### Image-caption web data
§ §

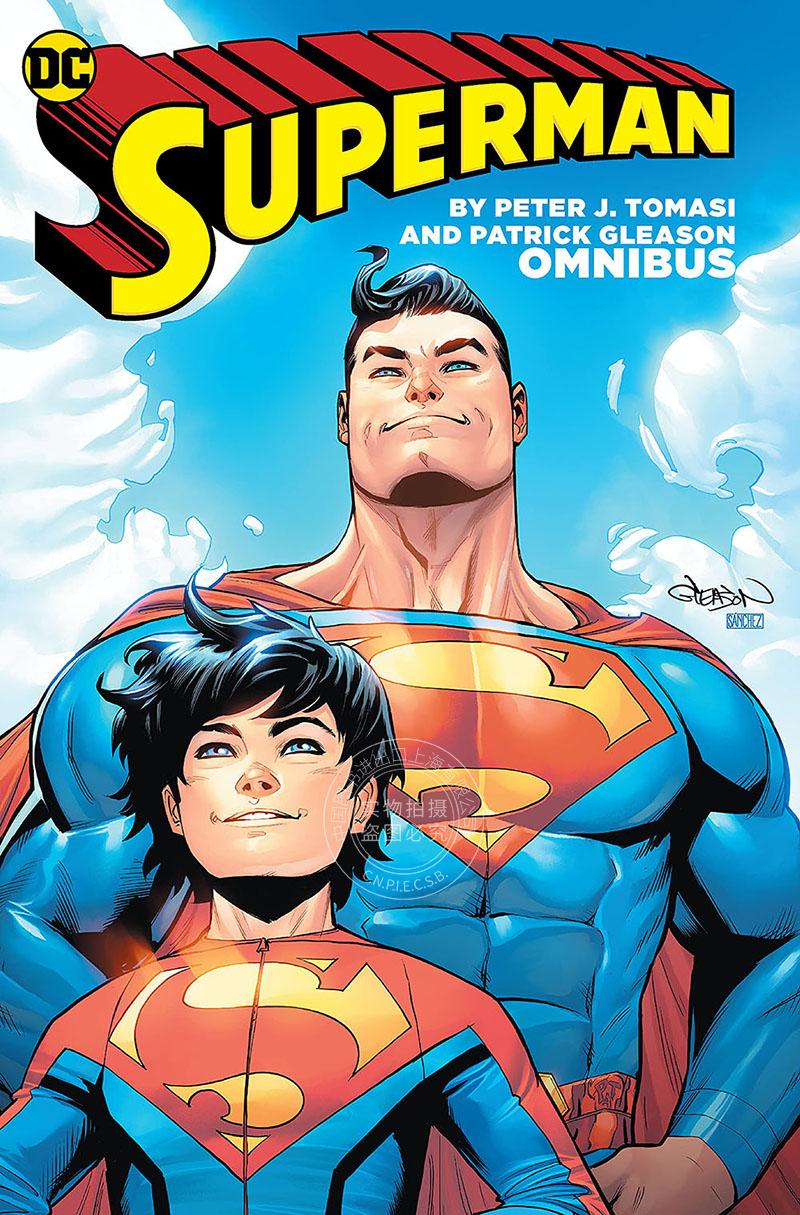 现货 超人全集 DC comics 英文原版 Superman by P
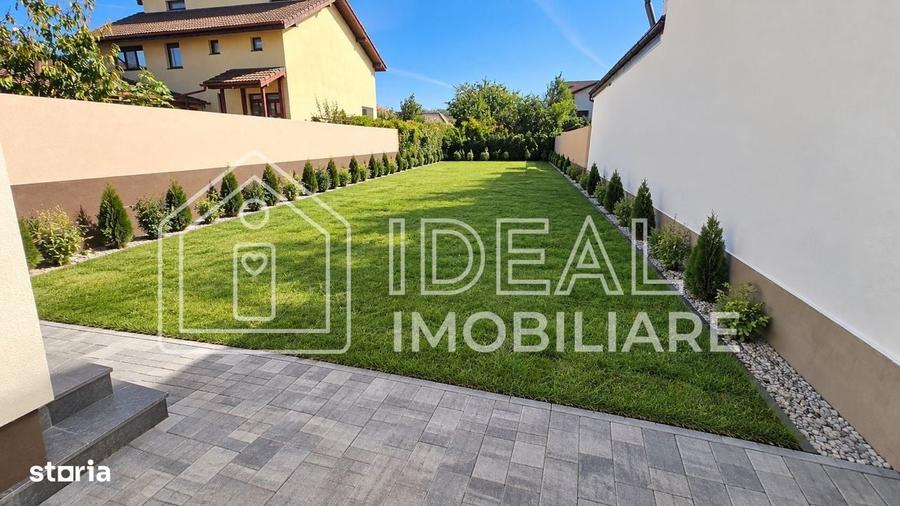 Casă cu 4 camere cu Teren 525 Mp în Central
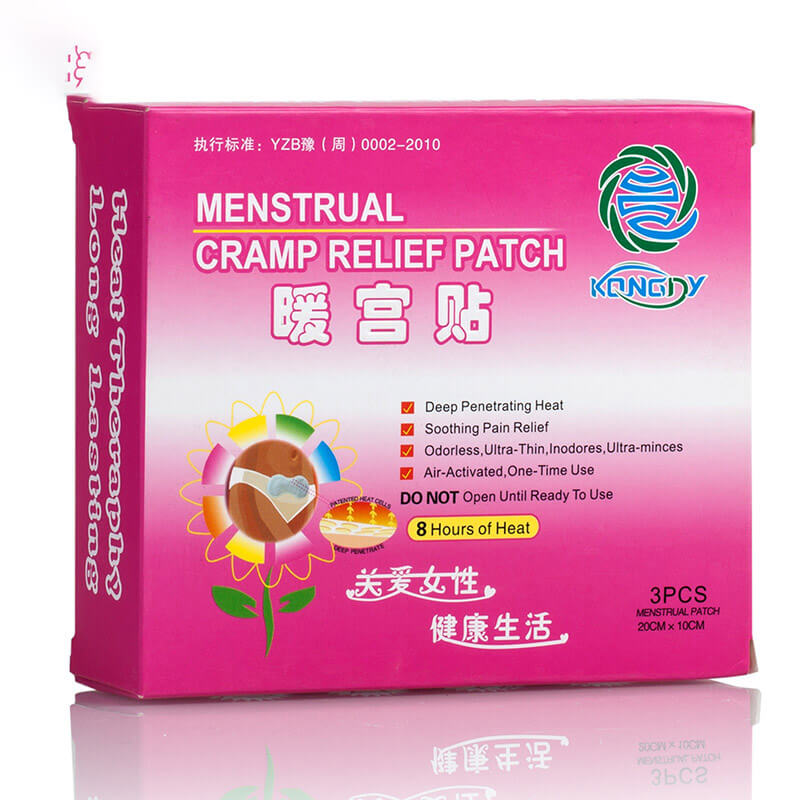 Menstrual Cramp Relief Patch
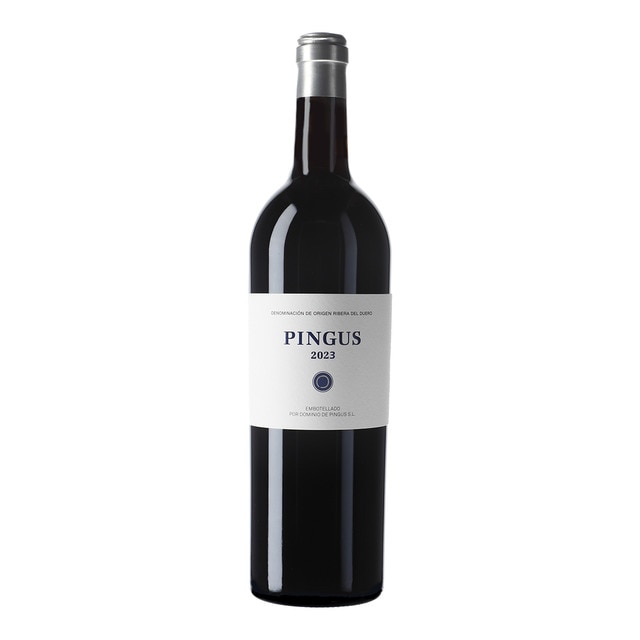 Imagen 0 de Vino tinto Pingus Tempranillo 2023 Ribera del Duero
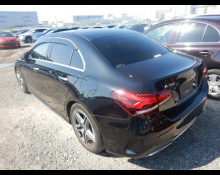 Mercedes-Benz A-Class 2023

§ §

### Required action
Your response should consist solely of the lines from the line with "Imagen 0 de" through the last line of the entries above, printed exactly and without pictures.

### Exercise result
 Imagen 0 de Vino tinto Pingus Tempranillo 2023 Ribera del Duero
 Mercedes-Benz A-Class 2023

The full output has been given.